DIRECTIONS FOR THIS TASK.
All lines from the one containing "Shisuku Sophi online" through the final line of the listing below, and no others, must be returned exactly; no pictures belong in the copy.

SUPPLIED RECORDS.
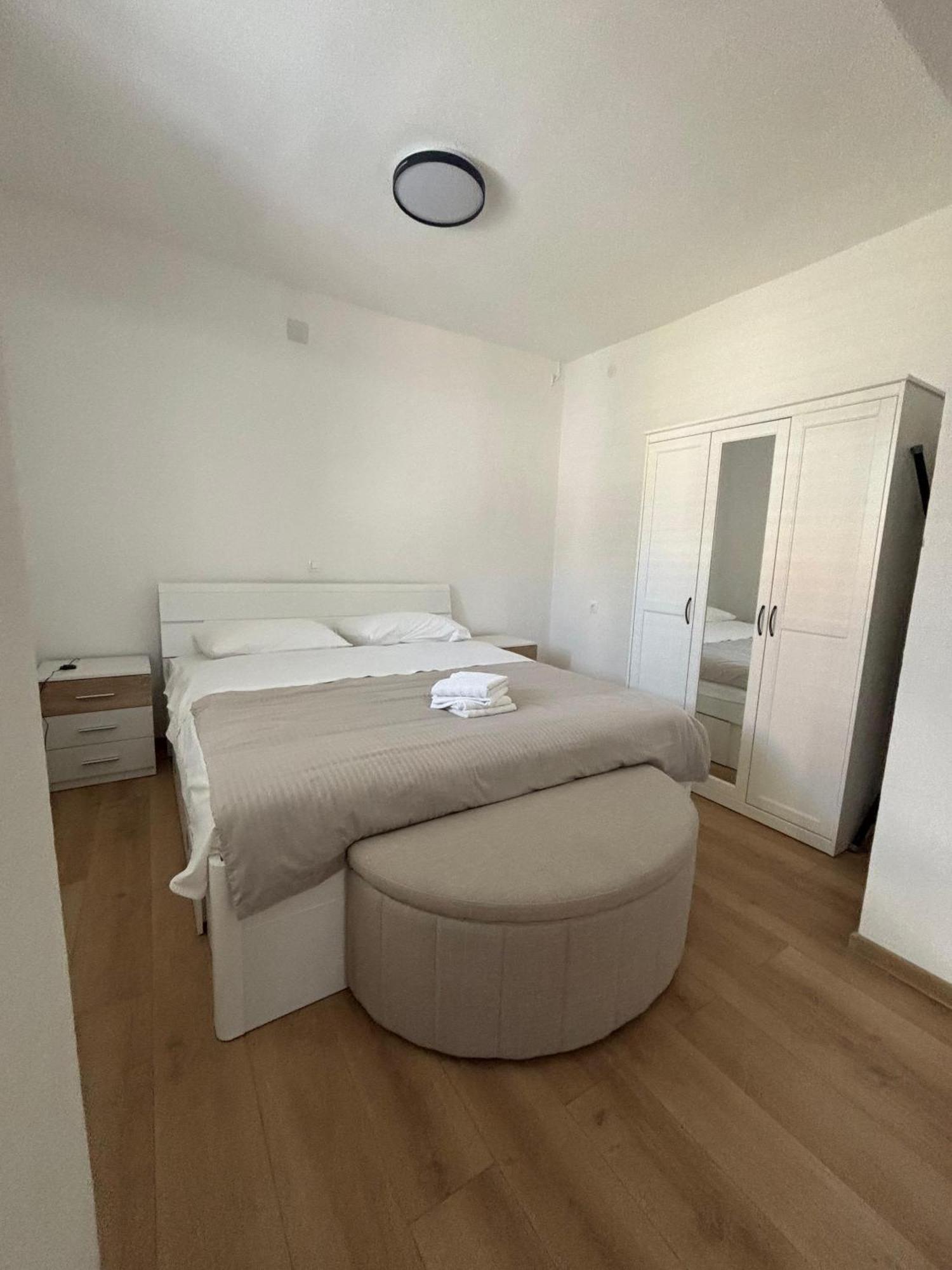 Studio Apartman Sedmica Zadar Extérieur photo
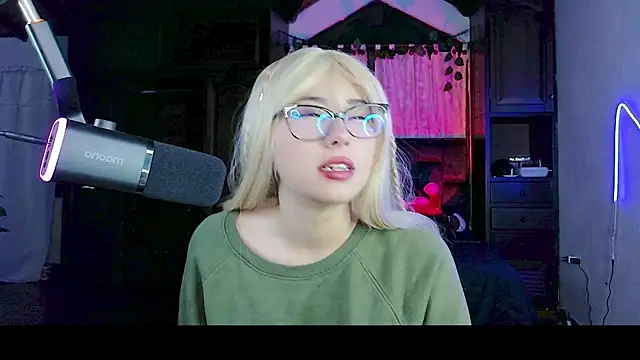 Shisuku Sophi online show from 11-23-25, 11:15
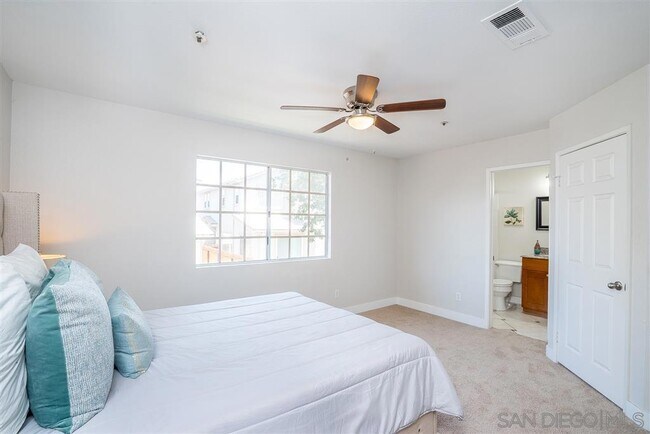 Building Photo - 2560 Bancroft Dr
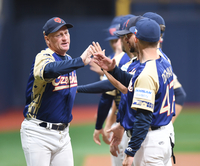 [포토] 하이파이브 하는 파벨 하딤 감독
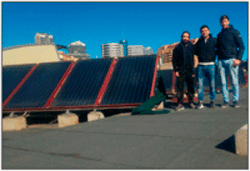 Alumnos ciclo superior de eficiencia energética y energía solar térmica junto a una instalación solar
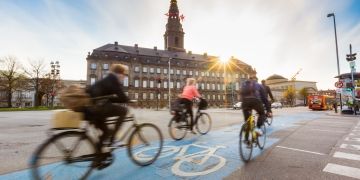People rides bikes in Copenhagen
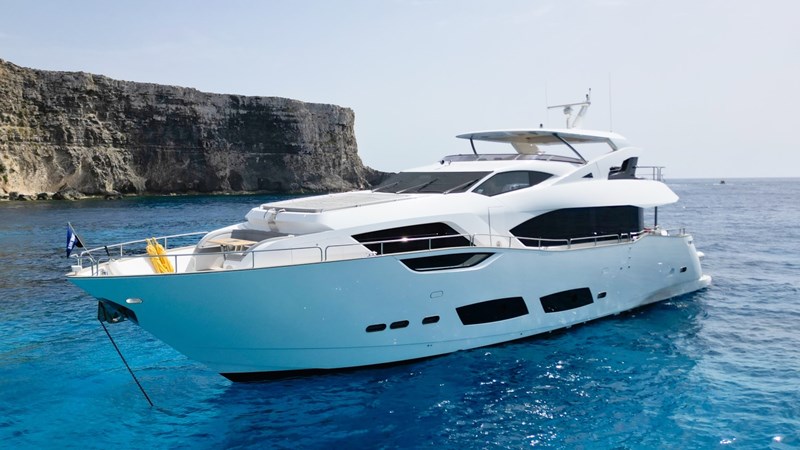 Photo of SUNSEEKER EVERDEEN 92' 1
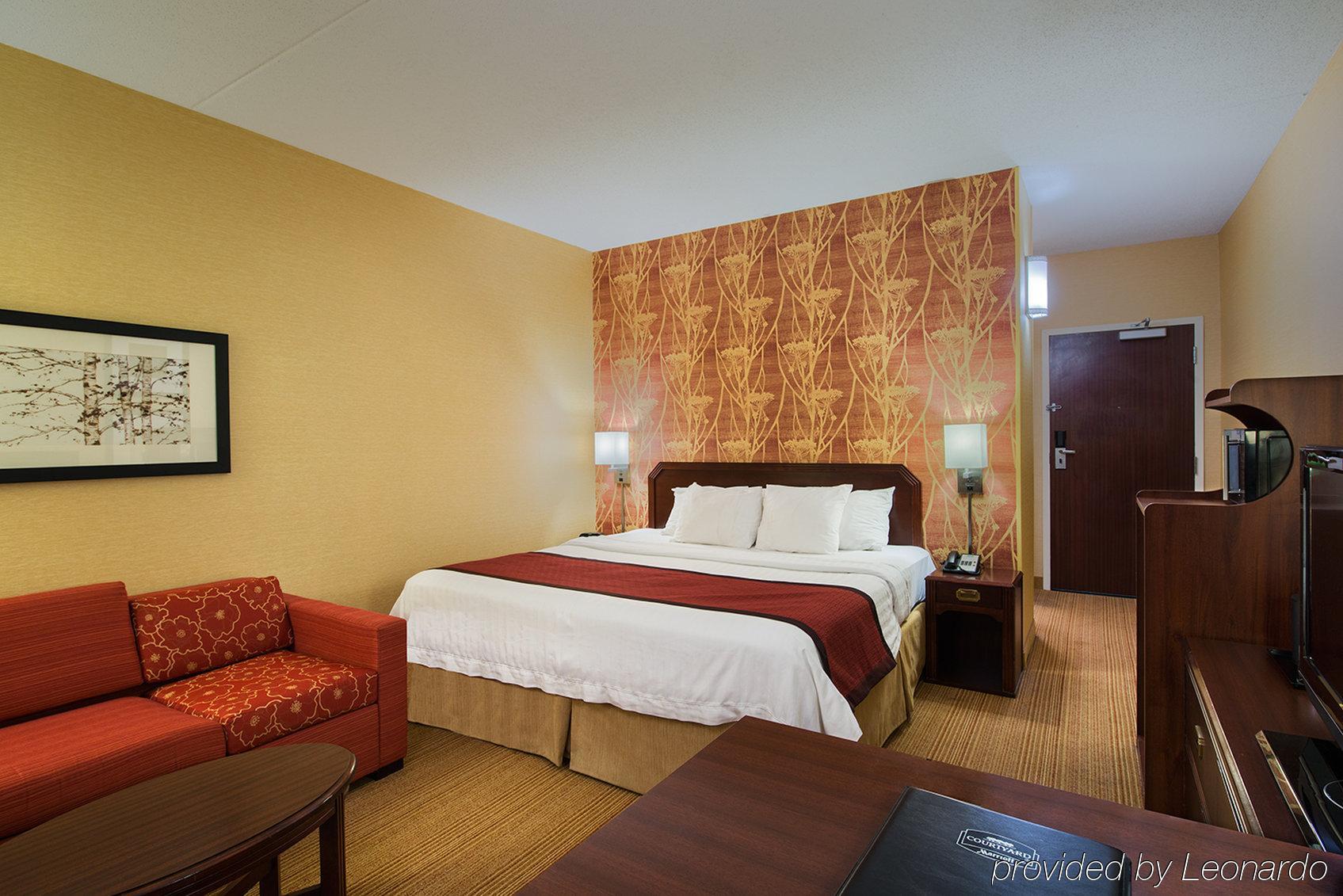 Courtyard By Marriott Scranton Montage Mountain Hotel Moosic Room photo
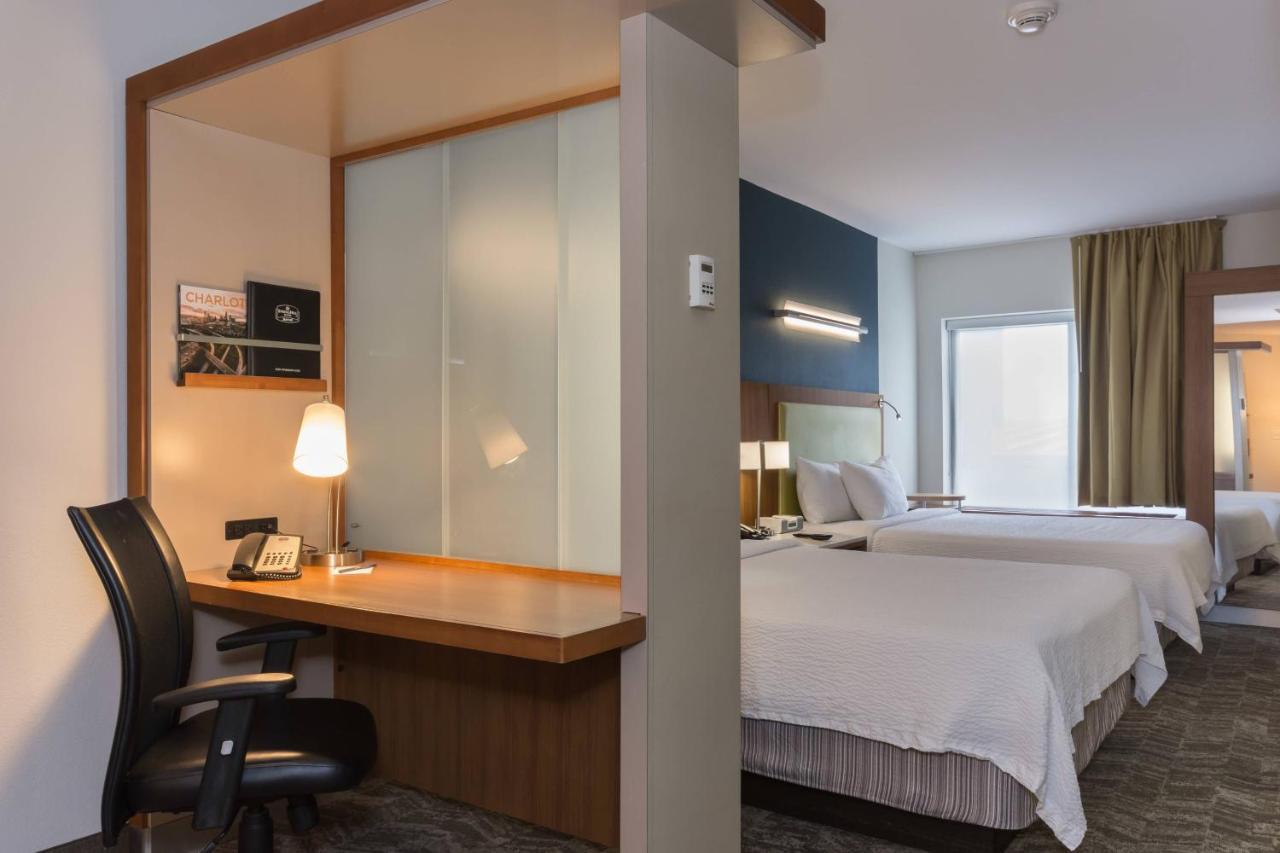 Springhill Suites By Marriott Charlotte Балантайн Екстериор снимка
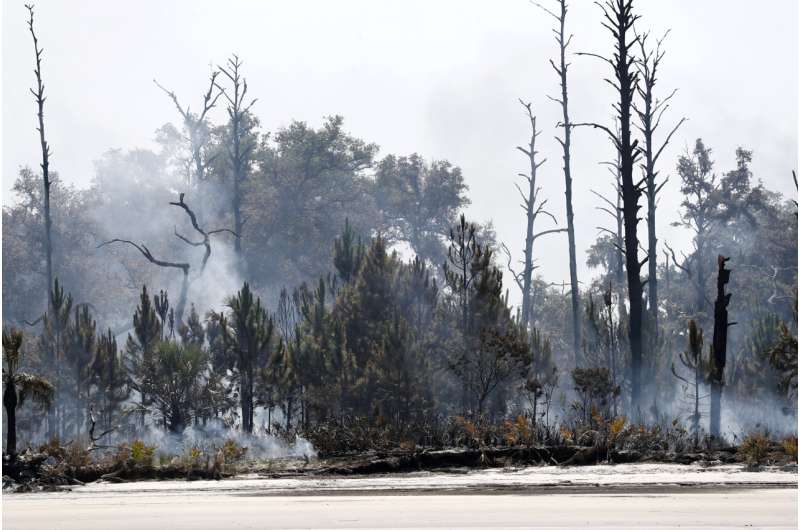 Wildfire threatens unspoiled Georgia island rich in history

WRITTEN ANSWER.
 Shisuku Sophi online show from 11-23-25, 11:15
 Building Photo - 2560 Bancroft Dr
 [포토] 하이파이브 하는 파벨 하딤 감독
 Alumnos ciclo superior de eficiencia energética y energía solar térmica junto a una instalación solar
People rides bikes in Copenhagen
 Photo of SUNSEEKER EVERDEEN 92' 1
 Courtyard By Marriott Scranton Montage Mountain Hotel Moosic Room photo
 Springhill Suites By Marriott Charlotte Балантайн Екстериор снимка
 Wildfire threatens unspoiled Georgia island rich in history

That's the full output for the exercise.